European austerity fatigue spreads
Wave of opposition will weaken German influence
by David Marsh
Mon 30 Apr 2012
Austerity is never pleasant. It is less pleasant if imposed from the outside. And it is certainly not pleasant if it is perceived to be misguided.
There are several powerful indications that austerity fatigue is spreading in economic and monetary union (EMU). We saw on Friday the news that nearly one in four people in Spain is unemployed, together with yet another statement (this time from the Spanish foreign minister) comparing the European Union with the doomed vessel Titanic.
Additionally, Mario Monti, the Italian prime minister, last week warned that the austerity drive risks shrinking the euro area economy and leading to a double-dip recession. Although Angela Merkel is the driving force behind the austerity push, Monti was careful to steer away from direct criticism of the German chancellor. That was probably wise. Italy may well find itself in need of an EMU – for which read German – bail-out if the country’s bond yields continue to rise and the economy continues to contract.

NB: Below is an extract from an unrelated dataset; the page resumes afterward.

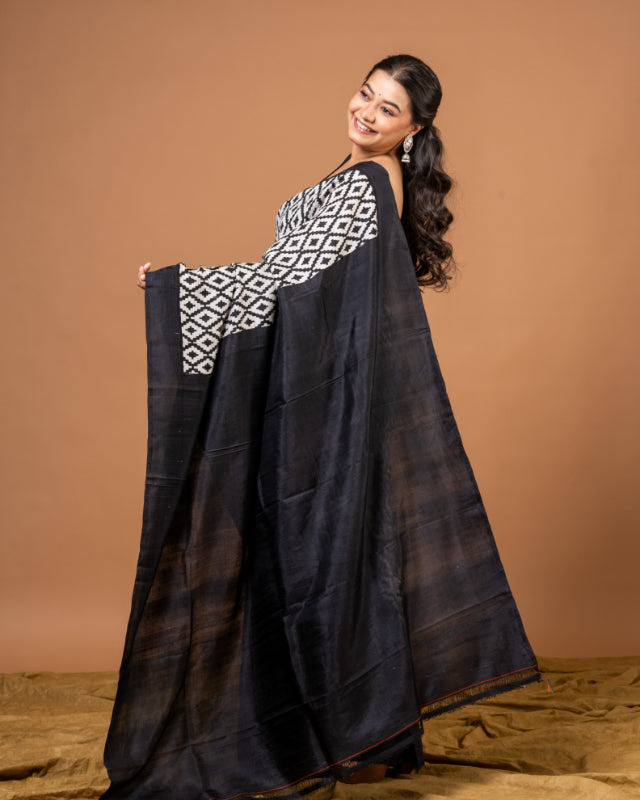 Midnight Elegance Pure Silk Block Print Saree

No such constraints stopped François Hollande, the probable next president of France, from directly criticising Germany, which he said cannot make decisions on behalf of the entire region. (An intriguing historical note: the fundamental objective behind EMU, from the French viewpoint, was to stop Germany, in the shape of the Bundesbank, from making decisions that affected the whole of Europe. We really are back to the position of 20 years ago.)

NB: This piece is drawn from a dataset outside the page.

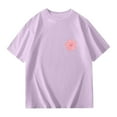 thumbnail image 5 of Girl's Palm Puff Graphic T Shirts Short Sleeve Crew Neck Cute Shirts Oversized Loose Tee Summer Tops Purple 3-4 Years, 5 of 7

Given that Hollande is a leading proponent of a ‘growth compact’ to supplement the recently agreed ‘fiscal compact’ and wants to change the European Central Bank’s goals to include a growth component, it is not difficult to see his statement, too, as a sign of austerity fatigue.
A ‘growth compact’ is probably misguided. Partly because the ‘fiscal compacts’ by any name – Maastricht criteria, Stability and Growth Pact, etc. – have proven meaningless, but more importantly, because governments cannot wave a magic wand and produce growth. If they could, they would have done this. They can produce an environment conducive to growth – but it must be said that most EMU governments seem to have done the opposite.
However, there are two important points. First, austerity fatigue is spreading. The longer austerity is maintained and increased without any seeming benefit in terms of growth, the wider the opposition. Second, with Germany closely identified with the austerity policy, austerity fatigue will erode German influence over the euro area. This is even more likely as German politicians refuse to do the one thing that could justify and alleviate the impact of austerity on others, namely stimulate Germany’s own economy and, crucially, re-orientate it towards greater domestic demand.
At the moment, Germany is getting the worst of two worlds. It is imposing austerity on other countries, which among other things stops them from buying German goods. And it is making these countries adversaries, by seemingly enforcing a ‘pain but no gain’ policy. Neither can be a good idea for Germany.